Introduction
With SQL Server, the NOLOCK
hint is very tempting especially with SELECT
statements where at least one of the tables is frequently updated. Using NOLOCK
removes all queuing problems and the SELECT
statement runs smoothly, but not without side effects.
Why do we need a hint at all
The first question might be that why do we need to add this hint to get the statement running without additional waits. The answer lies on a basic database management system principle: ACID (atomicity, consistency, isolation, and durability). The property isolation defines that other transactions may not see incomplete modifications. Since SQL Server (when the default locking scenario is used) uses exclusive locks which prevent acquiring read (shared) locks, all reading operations must wait until exclusive locks are released. This causes the SELECT
statement to wait if the data to be fetched is locked exclusively.
Using the NOLOCK
hint (which means exactly the same as READUNCOMMITTED
) actually bypasses the check for exclusive locks and does not set shared locks at all. So what it also means is that the query sees data that is not yet committed to the database which may result in a dirty read. This means that the modifications are not isolated so one of the main database principles is ignored. This is why NOLOCK
-like behaviour isn't used by default.
What it actually means
Let's take an example. First let's create the necessary objects.
CREATE SCHEMA LockTest;
GO
IF OBJECT_ID ( 'LockTest.OrderEntry', 'U' ) IS NOT NULL
DROP TABLE LockTest.OrderEntry;
GO
CREATE TABLE LockTest.OrderEntry (
Id int not null identity(1,1) primary key,
Amount int not null,
UnitPrice decimal not null,
Area int not null
);
GO
IF OBJECT_ID ( 'LockTest.AddOrders', 'P' ) IS NOT NULL
DROP PROCEDURE LockTest.AddOrders;
GO
CREATE PROCEDURE LockTest.AddOrders @OrderCount int AS
BEGIN
DECLARE @counter int = 0;
WHILE (@counter < @OrderCount) BEGIN
INSERT INTO LockTest.OrderEntry
(Amount, UnitPrice, Area)
VALUES
(ROUND(RAND()*100, 0), ROUND(RAND()*100, 2), ROUND(RAND()*10, 0));
SET @counter = @counter + 1;
END;
END;
GO
So now we have a single table and a procedure to create some random data. Let's add something to the table.
BEGIN TRANSACTION;
EXEC LockTest.AddOrders @OrderCount=100;
COMMIT;
Now if we get the sales amounts per area, the result is something like the following. Note that your results are different due to the random values.
SELECT TOP(3)
Area, SUM(Amount * UnitPrice) AS TotalSales
FROM LockTest.OrderEntry
GROUP BY Area
ORDER BY Area;
And the results:
Area TotalSales
---- ----------
0 10454
1 22608
2 22038
Simultaneous transactions, normal behaviour
Now if the database is updated and queried at the same time, what happens in the normal situation? The DML operation takes the necessary locks and possibly prevents the query from finishing. This can be tested with the following. The test requires that you have two simultaneous connections to the database.

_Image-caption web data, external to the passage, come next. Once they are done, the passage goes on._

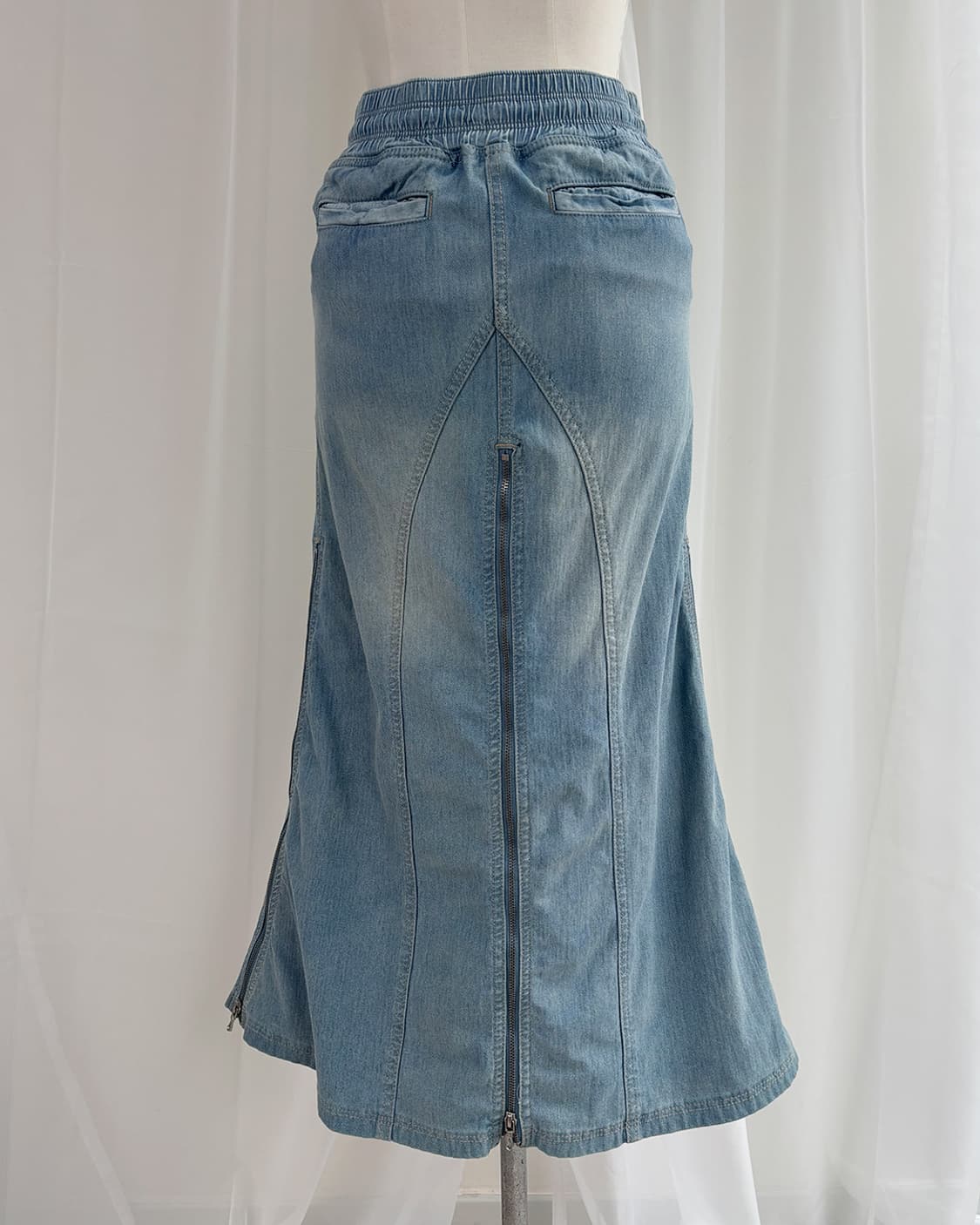 g.o.a vintage denim zipper long skirt 상품이미지8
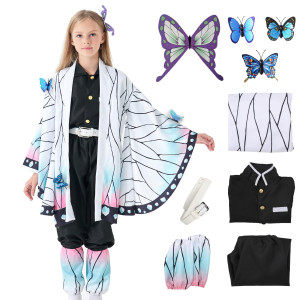 Vzqi Halloween Cosplay Kids Costumes Kochou Shinobu Girls Anime Kimono Halloween White Cloak S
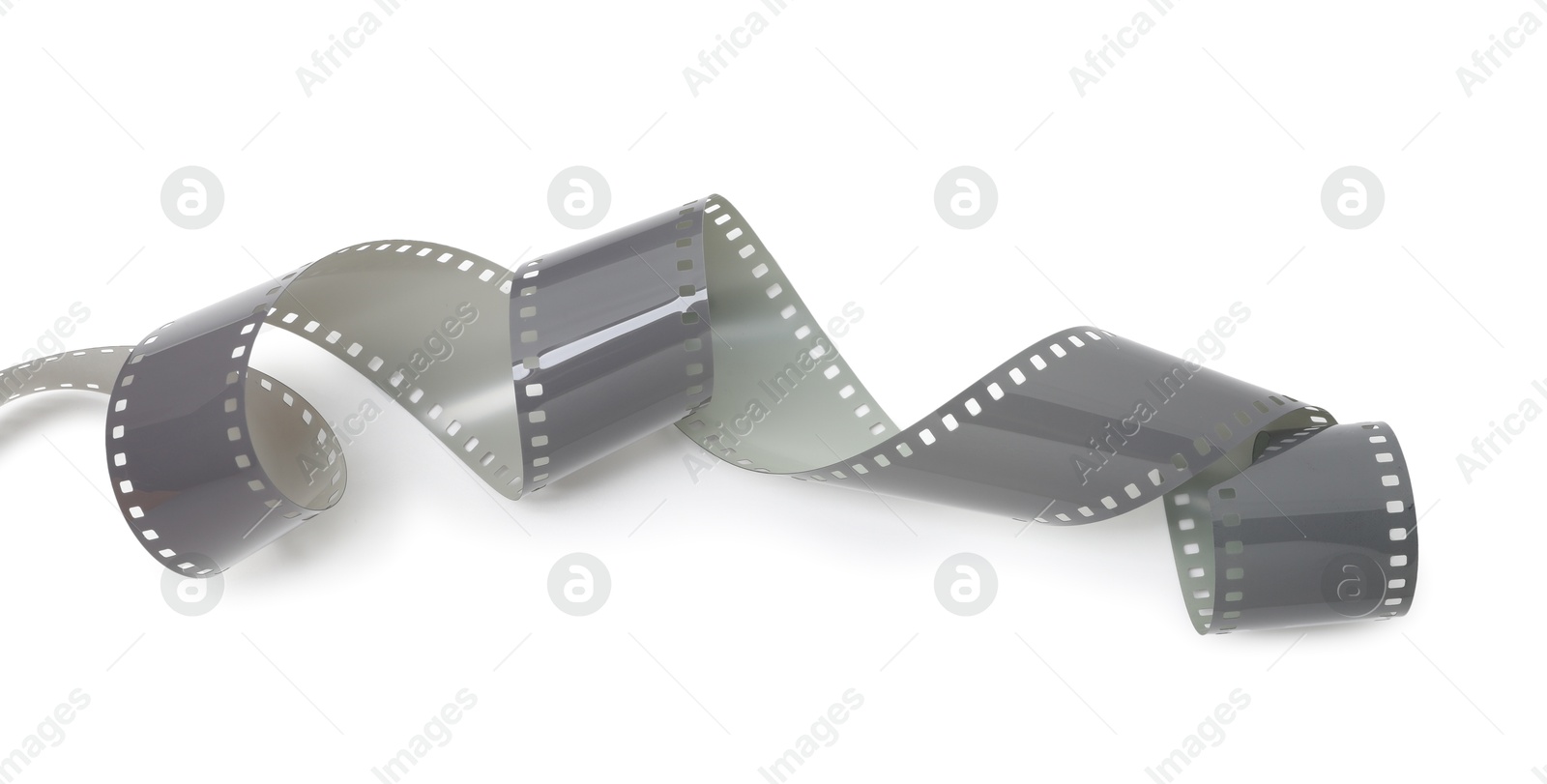 Strip of photographic film isolated on white, above view Photo of Strip of photographic film isolated on white, above view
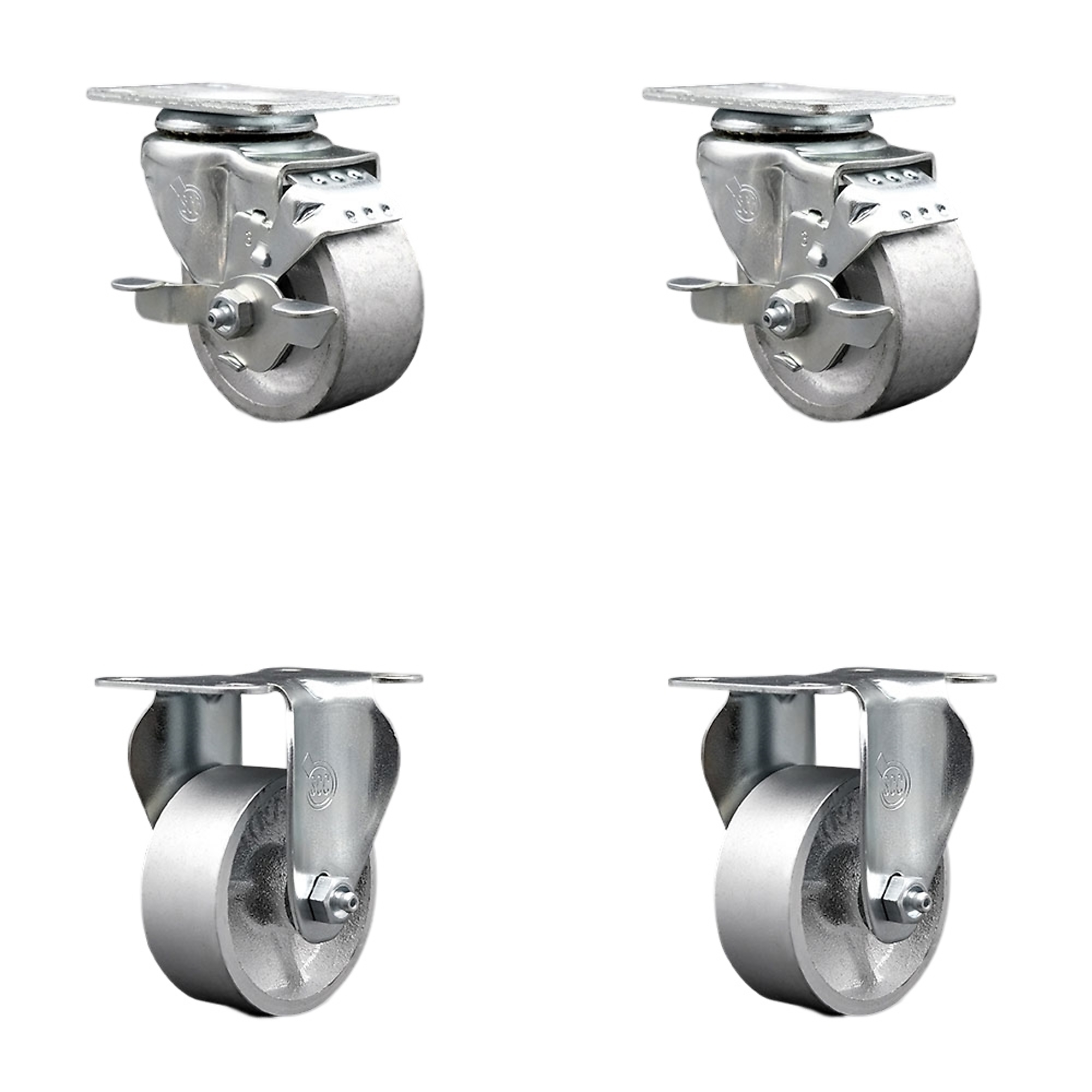 Service Caster, 3Inch x 1 1/2Inch Plate Casters, Wheel Diameter 3 in, Caster Type Swivel, Package (qty.) 4, Model SCC-20S315-SSR-TLB-2-R-2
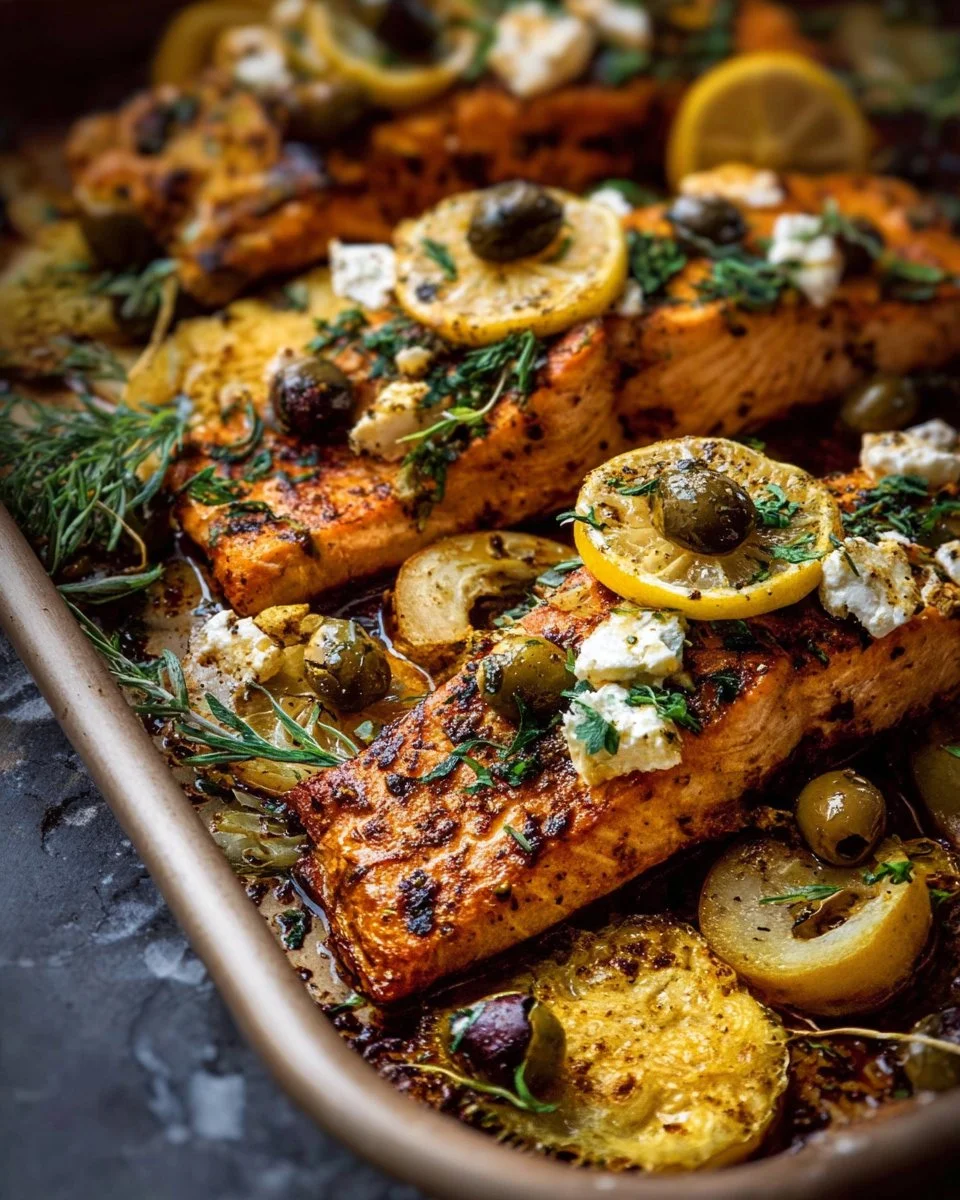 Sheet pan roasted salmon with lemon, garlic butter, feta cheese, and olives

In session 1, add new rows in a transaction, leave the transaction open.
BEGIN TRANSACTION
EXEC LockTest.AddOrders @OrderCount=10000;
And using session 2, query again for the top 3 areas. This query won't finish but remains running and waiting for the locks to be released.
SELECT TOP(3)
Area, SUM(Amount * UnitPrice) AS TotalSales
FROM LockTest.OrderEntry
GROUP BY Area
ORDER BY Area;
Now when session 1 rolls back, the transaction locks are released and the query in session 2 continues.
ROLLBACK;
And immediately the results are displayed for session 2.
Area TotalSales
---- ----------
0 10454
1 22608
2 22038
As you see, the results are the same as previously since all the modifications were rolled back.
Results when NOLOCK is used
Now we use the exact same scenario as previously, but this time with the NOLOCK
hint.
In session 1, again add new rows in a transaction, and leave the transaction open.
BEGIN TRANSACTION
EXEC LockTest.AddOrders @OrderCount=10000;
And using session 2, query again for the top 3 areas, but this time with the NOLOCK
hint.
SELECT TOP(3)
Area, SUM(Amount * UnitPrice) AS TotalSales
FROM LockTest.OrderEntry WITH (NOLOCK)
GROUP BY Area
ORDER BY Area;
Results are shown immediately (again your results may differ because of the random values).
Area TotalSales
---- ----------
0 1321810
1 2417946
2 2539965
Now the session 1 rolls back the transaction.
ROLLBACK;
And the exact same query is executed in session 2.
SELECT TOP(3)
Area, SUM(Amount * UnitPrice) AS TotalSales
FROM LockTest.OrderEntry WITH (NOLOCK)
GROUP BY Area
ORDER BY Area;
The results are original since session 1 rolled back the whole thing.
Area TotalSales
---- ----------
0 10454
1 22608
2 22038
Conclusions
What we saw was a dirty read. For a moment, we saw data from the database which (in a sense of isolation) wasn't persistent. So is this a bad thing? Well, it depends on the business logic. Imagine that you're creating a banking application, I'd bet that dirty read is something you really want to avoid. On the other hand, if you typically don't have rollbacks and if you do, and the false data you possibly see doesn't have a negative impact, then you can consider using NOLOCK
.
History
- February 11, 2011: Created.